Before deciding the fate of an individual stock, we must first look at the overall economic landscape. Oil prices have been falling, which has temporarily depressed the stock market, but in the long-term, lower oil prices should actually benefit most companies. Earlier in December there was a bullish jobs report, with the Bureau of Labor Statistics reporting the U.S. added 321,000 new jobs in November. The December jobs report will not come out until January, but as it stands, 2015 appears to be the best year for job creation in the U.S. dating back to 1999.
The biggest problems that face Wall Street right now remain slowing growth in China, and economic weakness in Europe.

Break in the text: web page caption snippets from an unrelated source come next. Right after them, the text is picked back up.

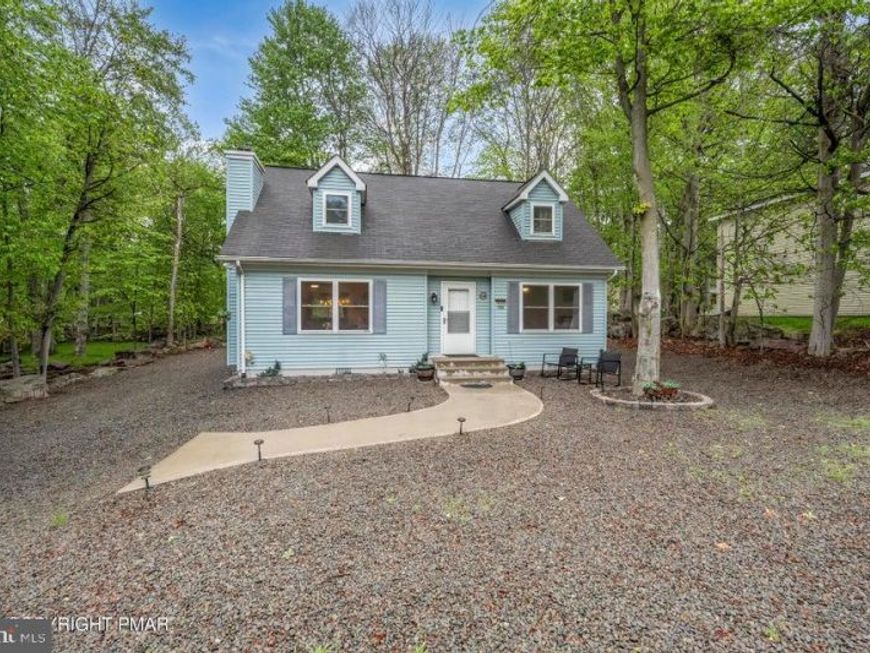 7430 Ventnor Drive , Tobyhanna, PA 18466 Main Photo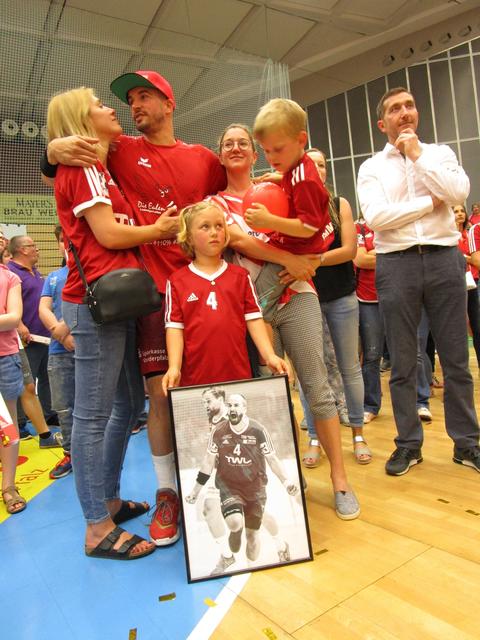 Philipp Grimm mit seiner Familie beim Abschied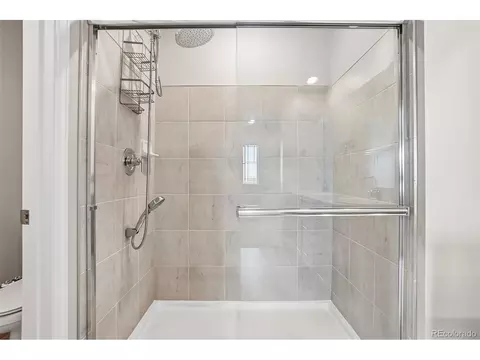 Bath - 22160 E 8th Ave, Aurora, CO 80018 photo 5 of 5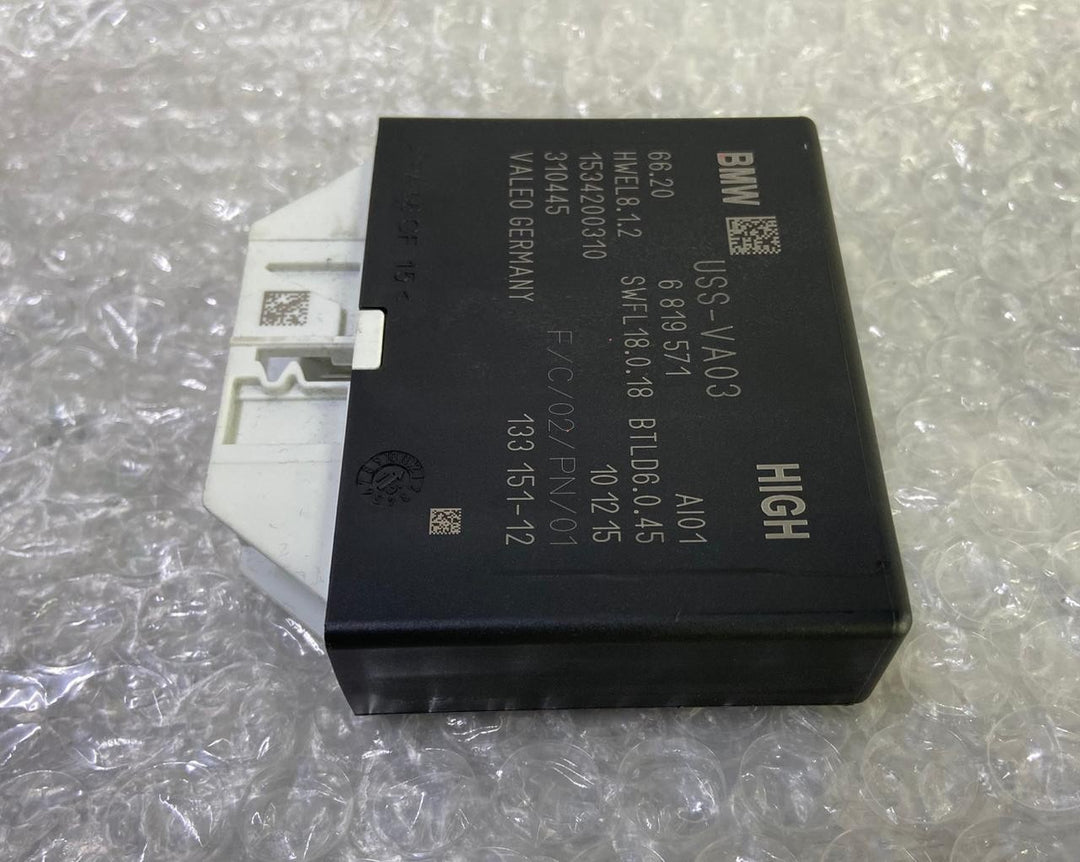 OEM BMW G11 G12 Park Assistant Control Module 6819571
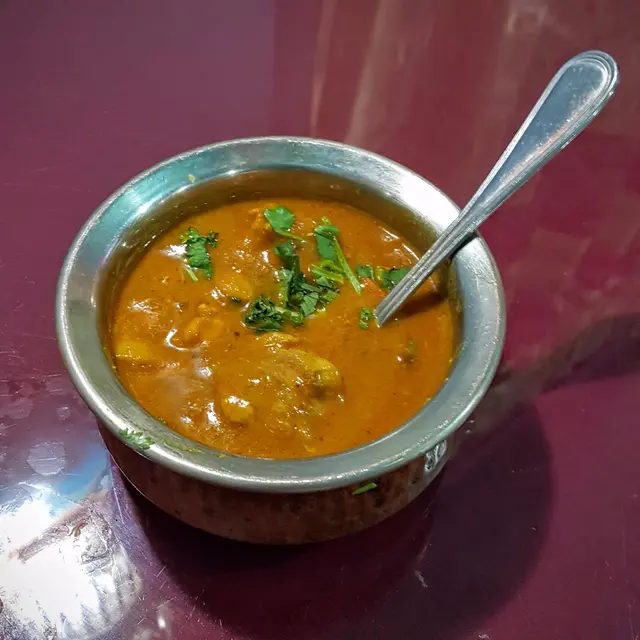 用上雞脾肉，肉質有彈性，不像一般冰鮮雞的味道，咖哩汁一開始不覺得有辣味，但再吃兩三口之後會開始感覺到其辣味，微微的辣味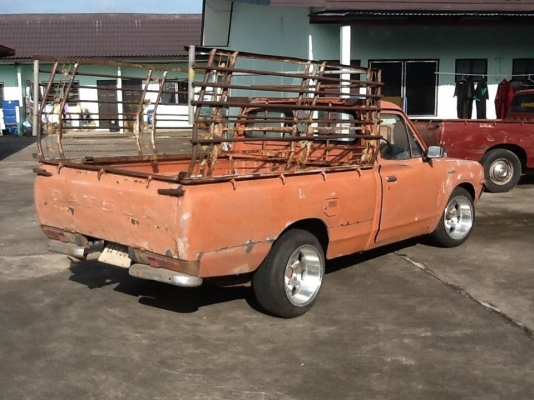 ช้างเหยียพร้อมทำมาหากินไดเลยนะ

These problems could put the brakes on the recovery in the U.S., but as long as things in the U.S. continue on the current course 2015 should prove to be another up year on Wall Street.
As is always going to be the case, the majority of stocks roughly kept pace with the broader market, while some outliers enjoyed strong gains or deep losses. Let's take a look at a handful of stocks that greatly outperformed the overall market, and see what clues we can find as to whether or not 2015 will be another strong year for these stocks.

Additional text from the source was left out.